(Short web captions)
────────────────────────────────────────
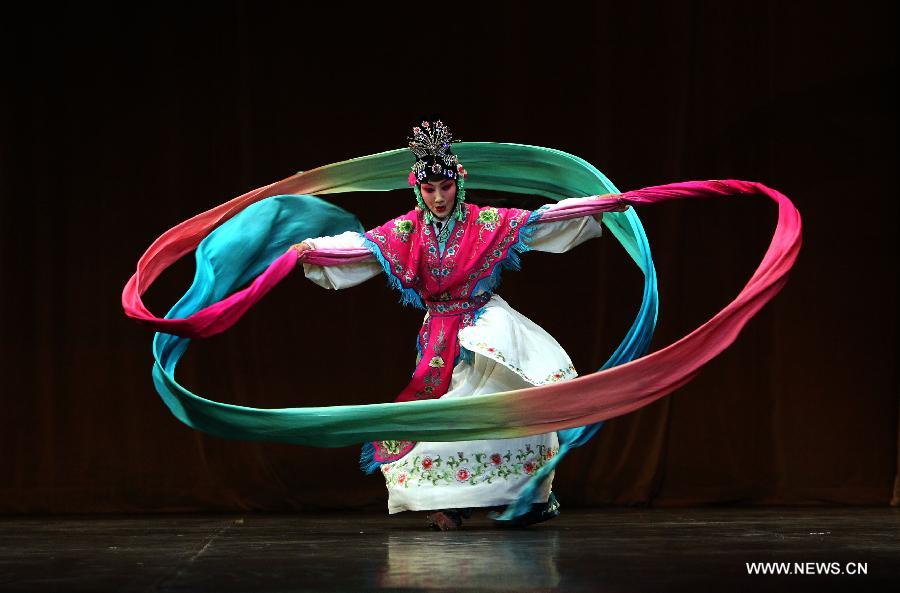 A Chinese artist performs Beijing Opera at the National Theater in Algiers, capital of Algeria, July 8, 2013. The performance was part of the celebrations to mark the 55th anniversary of the establishment of the diplomatic relations between China and Algeria. (Xinhua/Mohamed Kadri) 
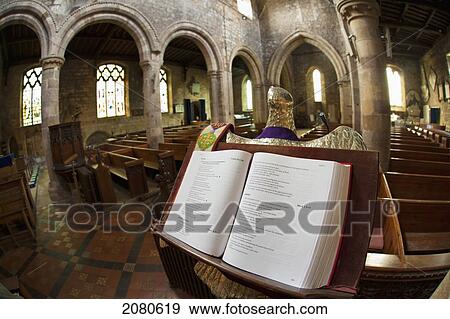 Stock Photo - An open book of verses in a church; staindrop durham england. Fotosearch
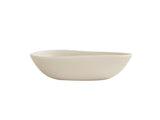 A minimalist, off-white Bali Pasta Bowl with smooth, asymmetrical curves and a matte finish, shown against a plain white background. The bowl features gently sloping sides and a slightly irregular rim for a modern, organic look.
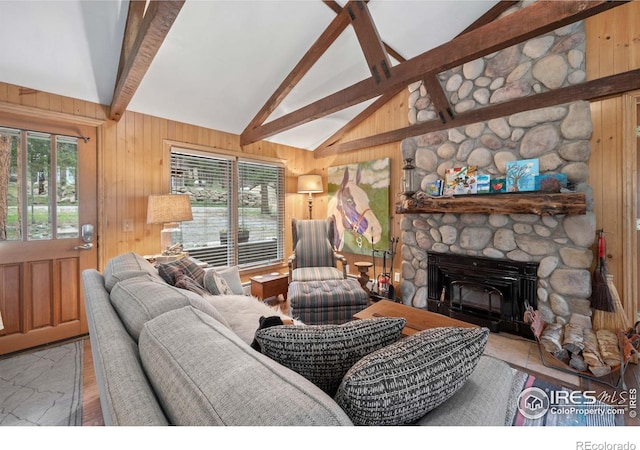 living room with a stone fireplace, beamed ceiling, a healthy amount of sunlight, and wood walls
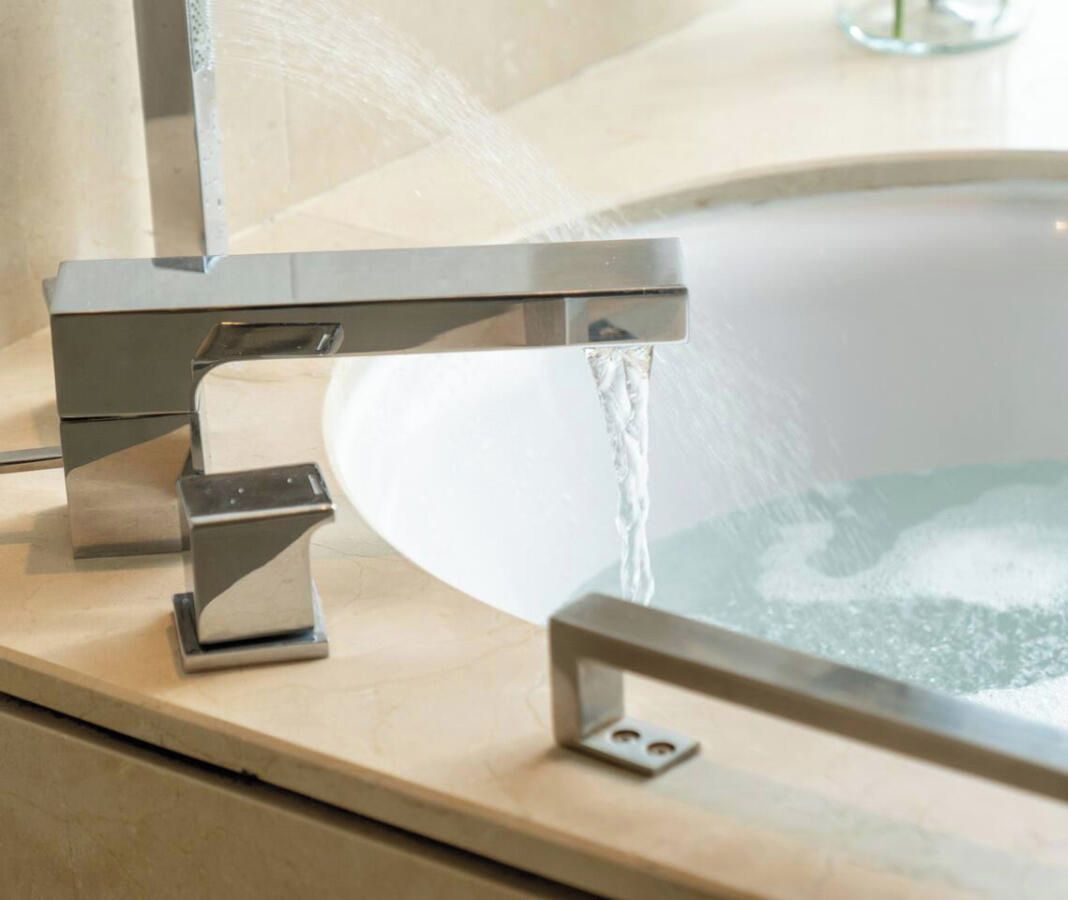 Une salle de bain moderne avec un robinet chromé et une baignoire.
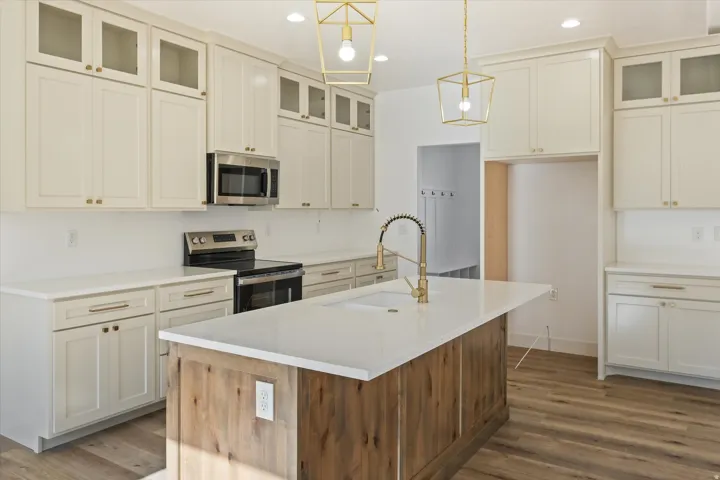 Contemporary kitchen featuring white cabinetry, a wood-finish island with a white countertop, stainless steel appliances, and brass-finish hardware and light fixtures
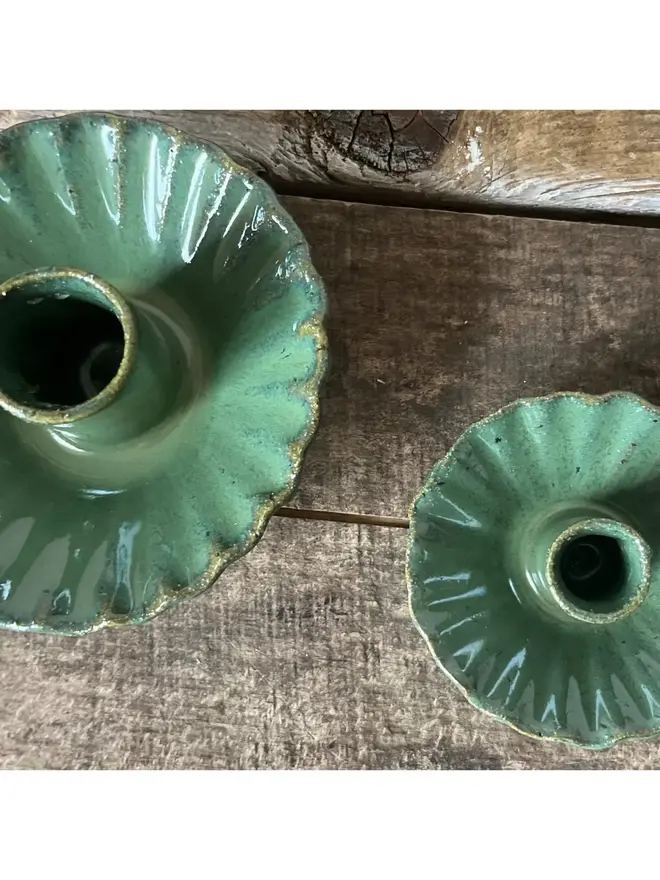 Handmade Green Ceramic Candlestick Holder, a pair of green candlestick holders sitting on a wooden surface.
────────────────────────────────────────
TASK STATEMENT: Retype the data above exactly; pictures are not part of the copy.

RESPONSE:
 A Chinese artist performs Beijing Opera at the National Theater in Algiers, capital of Algeria, July 8, 2013. The performance was part of the celebrations to mark the 55th anniversary of the establishment of the diplomatic relations between China and Algeria. (Xinhua/Mohamed Kadri) 
 Stock Photo - An open book of verses in a church; staindrop durham england. Fotosearch
 A minimalist, off-white Bali Pasta Bowl with smooth, asymmetrical curves and a matte finish, shown against a plain white background. The bowl features gently sloping sides and a slightly irregular rim for a modern, organic look.
 living room with a stone fireplace, beamed ceiling, a healthy amount of sunlight, and wood walls
 Une salle de bain moderne avec un robinet chromé et une baignoire.
 Contemporary kitchen featuring white cabinetry, a wood-finish island with a white countertop, stainless steel appliances, and brass-finish hardware and light fixtures
 Handmade Green Ceramic Candlestick Holder, a pair of green candlestick holders sitting on a wooden surface.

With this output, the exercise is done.